The Nationals began the 2012 season with Wilson Ramos as their every-day catcher.  After enduring a kidnapping during the off-season, Wilson was slated to have a pretty good year, since he had spent his previous two under the tutelage of future Hall-of-Famer Iván “Pudge” Rodriguez.  Wilson was hitting well, and was consistently getting players out who were trying to steal a base.  However, in mid-May, Ramos suffered a knee injury during a game against the Reds and is expected to miss the rest of the season with a torn ACL.

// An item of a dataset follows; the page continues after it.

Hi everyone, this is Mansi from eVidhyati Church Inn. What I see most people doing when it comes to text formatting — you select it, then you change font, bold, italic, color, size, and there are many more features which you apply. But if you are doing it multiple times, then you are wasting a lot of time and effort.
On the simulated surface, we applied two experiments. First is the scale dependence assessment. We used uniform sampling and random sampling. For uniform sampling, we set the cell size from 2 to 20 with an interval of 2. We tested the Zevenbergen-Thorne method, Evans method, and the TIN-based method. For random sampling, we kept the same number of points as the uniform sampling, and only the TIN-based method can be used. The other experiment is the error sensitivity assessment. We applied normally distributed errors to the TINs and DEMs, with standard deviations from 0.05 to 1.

Backing up Ramos as catcher was Jesús Flores, who himself was recovering from shoulder surgery and had only seen limited action in the previous 2 years.  The Nationals tried bringing up some minor-league catchers, but they all suffered injuries that placed them on the DL as well.  Carlos Maldonado suffered a back injury after playing only 4 games; Sandy León has just recently returned after missing over a month with an ankle sprain that he suffered during his Major League debut; and Jhonatan Solano filled in adequately behind the plate but is also on the disabled list with an oblique strain. 

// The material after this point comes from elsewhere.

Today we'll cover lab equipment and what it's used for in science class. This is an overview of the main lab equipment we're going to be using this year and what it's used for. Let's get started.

Currently, Flores is the starting catcher with León as the backup.  The problem with that is that Flores just downright stinks, both as a catcher and as a hitter.  He’s currently batting a lousy .227, and he has only caught 5 runners trying to steal a base while allowing 38 bases to be stolen.  That’s a terrible 12% caught-stealing percentage; any respectable catcher should have that number at 30% or higher (Ramos has a career-high of 27%, and in his last year as a Major Leaguer, “Pudge” was at 52%).

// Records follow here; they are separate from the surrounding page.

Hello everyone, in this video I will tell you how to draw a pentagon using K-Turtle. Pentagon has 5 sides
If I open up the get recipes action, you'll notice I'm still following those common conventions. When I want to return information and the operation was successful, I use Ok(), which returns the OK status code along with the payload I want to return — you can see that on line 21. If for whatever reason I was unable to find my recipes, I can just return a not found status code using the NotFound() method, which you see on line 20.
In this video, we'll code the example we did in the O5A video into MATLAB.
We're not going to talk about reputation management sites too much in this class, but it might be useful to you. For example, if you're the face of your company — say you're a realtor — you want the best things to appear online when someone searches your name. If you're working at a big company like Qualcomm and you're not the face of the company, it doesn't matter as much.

So what to do about this catcher situation?  Nationals’ General Manager, Mike Rizzo, can try and trade for one – the trade deadline is tomorrow, so if he hurries, he may be able to find one.  But who should he get?  Who can he give up in a trade?  It has been speculated for weeks now that the Nationals were going to remain pretty quiet leading up to the July 31 st deadline – the pitchers are happy, the hitters are doing fine, and life seems to be honky-dory in Natstown.  The Nationals do have a lot of minor-league talent (despite giving up a lot of minor-leaguers in order to acquire pitcher Gio Gonzalez during the off-season).  So Rizzo is in a bit of a pickle (in my opinion, though he may be perfectly content watching his catcher stink day in and day out).  Do you leave things the way they are (since they seem to be working), or do you try to acquire a decent catcher who can back up Ramos when he returns next year?  If the rest of the Nationals’ offense can make up for Flores’s lack of hitting and he keeps base runners at bay, I say leave things the way they are and wait for Ramos to return next season.  Let’s just hope the Nationals don’t face the Pirates in the playoffs; that Andrew McCutchen guy can fly!